= Dennis Dreith =

Dennis Dreith (born June 15, 1948 in Glendale, California) is a musician, record producer and a television & motion picture composer, arranger, and conductor. He is also known as an influential advocate for performers’ rights.

==Life==
Dreith showed a talent for music at an early age and learned to play a variety of keyboard and reed instruments while still in his teens. While in college, Dreith played woodwinds and toured with Paul Revere & the Raiders and The Beach Boys. He later toured with the Osmond Brothers and recorded with many artists including Leon Russell, Giorgio Moroder, Mama's Pride and Firefall, often as a musician as well as an arranger and conductor. He recorded on The Beach Boys “15 Big Ones” for which he was awarded an RIAA Gold Record.

==Career==
Dreith has been the composer for such films as Purple People Eater (1988) and The Punisher (1989), and is also known in the industry as an orchestrator and conductor of film music scores. His work can be heard in the soundtracks of Jurassic Park, Misery, Braveheart, Addams Family Values, Sleepless in Seattle, Heart and Souls, A League of Their Own and others. He has orchestrated and conducted for several well-known composers including John Williams, Lalo Schifrin, Dominic Frontiere, Marc Shaiman, Hans Zimmer, Elliot Goldenthal, Mark Isham and Cliff Eidelman.

Dreith has also produced numerous jazz and R & B records working with such notables as The Tokens and The O'Jays (arranging and producing several cuts on their acclaimed “Home for Christmas” album (The O'Jays discography).

Dreith eventually became president of the Recording Musicians Association (RMA), a player conference of the American Federation of Musicians (AFM) devoted to improving the lives and livelihoods of working musicians. He held that post for over 15 years.

==National and International negotiations==
Dreith was also a member and consultant for the American Federation of Musicians Negotiating Sub-committee for every major electronic media agreement negotiated by them. During that time, he was also AFM liaison to both the Film Musicians Secondary Markets Fund (FMSMF), and the Sound Recording Special Payments Fund ("SRSPF"), where he addressed the House Sub-committee on Intellectual Properties in support of Digital Performers Rights legislation in Washington, D.C. that was signed into law by President Bill Clinton in November 1995.

In 1996, he traveled to Japan where he negotiated and executed a "Friendship Agreement" between the Musicians Rights Commission of Japan and the RMA, which in turn has resulted in the substantial distribution of Japanese royalties to U.S. recording musicians.

==Other work==

Dreith served as the Administrator of the Film Musicians Secondary Markets Fund since 1998 and simultaneously as the Executive Director of the AFM & SAG-AFTRA Intellectual Property Rights Distribution Fund until 2017, overseeing the Japanese Record Rental Royalty Fund, the Audio Home Recording Act Fund, and Digital Performance Royalties under the Digital Performance Right in Sound Recordings Act on behalf of non-featured performers. In 2017, Dreith co-founded Transparence Entertainment Group with industry veteran Shari Hoffman . Dreith serves as the company's Chairman.
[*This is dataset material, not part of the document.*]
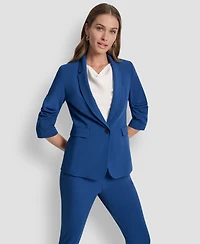 Dkny Petite Ruched Sleeve Jacket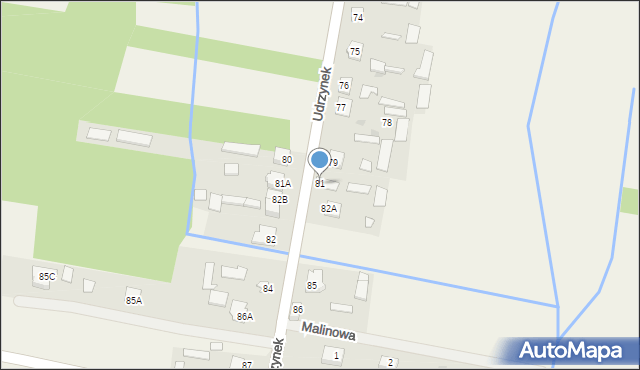 Udrzynek, Udrzynek, 81, mapa Udrzynek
Dreith continues to own and operate his own publishing and production company Magic Closet Music , performs regularly with his 17-piece jazz ensemble , and is the Managing Partner of Graef Wine .

He is a speaker at a variety of music education and related conferences in the United States and worldwide including the Cannes film festival, SXSW, and the ASCAP I Create Music Expo. He is a former member of the faculty at UCLA Extension as well as a past member of the UCLA Advisory Board to the Department of Entertainment Studies and Performing Arts.

Dreith is on the board of directors for the charity "Environment of People Foundation, Inc." which strives to ensure that music and the arts remain a central part of our children's lives and growth.